▶ [SOURCE INFORMATION]:

------------------------------------------------

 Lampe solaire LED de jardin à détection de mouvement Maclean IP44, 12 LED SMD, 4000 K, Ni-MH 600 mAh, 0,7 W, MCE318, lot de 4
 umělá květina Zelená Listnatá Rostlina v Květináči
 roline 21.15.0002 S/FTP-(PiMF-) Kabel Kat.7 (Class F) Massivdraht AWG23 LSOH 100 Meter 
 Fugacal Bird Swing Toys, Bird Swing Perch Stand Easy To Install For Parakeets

------------------------------------------------

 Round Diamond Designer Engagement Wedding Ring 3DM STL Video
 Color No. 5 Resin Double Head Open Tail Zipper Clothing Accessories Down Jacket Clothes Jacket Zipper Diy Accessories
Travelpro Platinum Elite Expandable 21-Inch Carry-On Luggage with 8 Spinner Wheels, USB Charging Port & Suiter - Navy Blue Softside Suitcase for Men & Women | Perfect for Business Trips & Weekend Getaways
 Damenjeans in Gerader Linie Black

------------------------------------------------

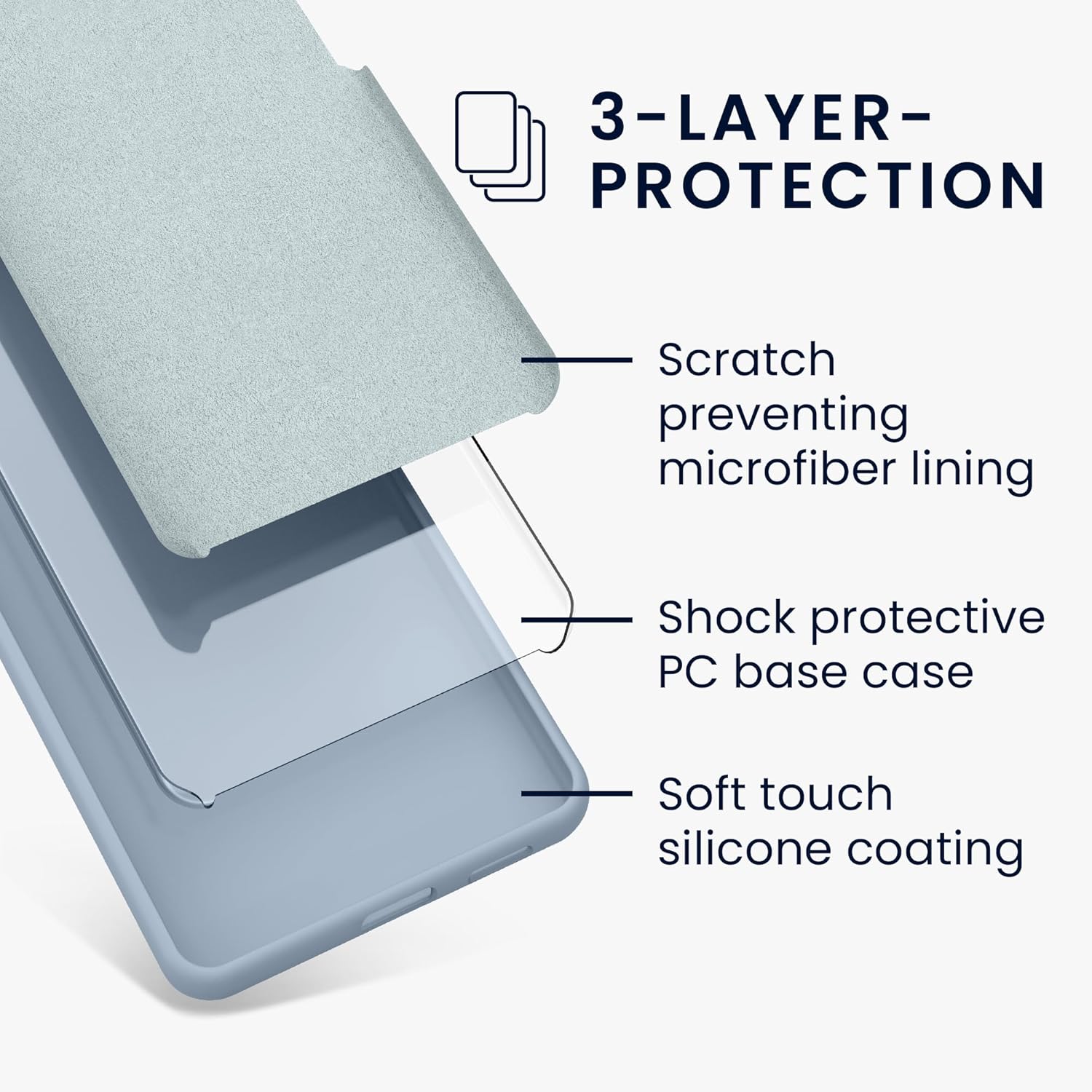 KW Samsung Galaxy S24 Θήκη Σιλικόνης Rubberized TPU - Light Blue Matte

------------------------------------------------

▶ [TRY IT]: Copy back the listing above exactly, but only from the line with "Travelpro Platinum Elite" through the line with "Damenjeans in Gerader Linie Black", both ends included.

▶ [RESPONSE TO THIS EXERCISE]:
Travelpro Platinum Elite Expandable 21-Inch Carry-On Luggage with 8 Spinner Wheels, USB Charging Port & Suiter - Navy Blue Softside Suitcase for Men & Women | Perfect for Business Trips & Weekend Getaways
 Damenjeans in Gerader Linie Black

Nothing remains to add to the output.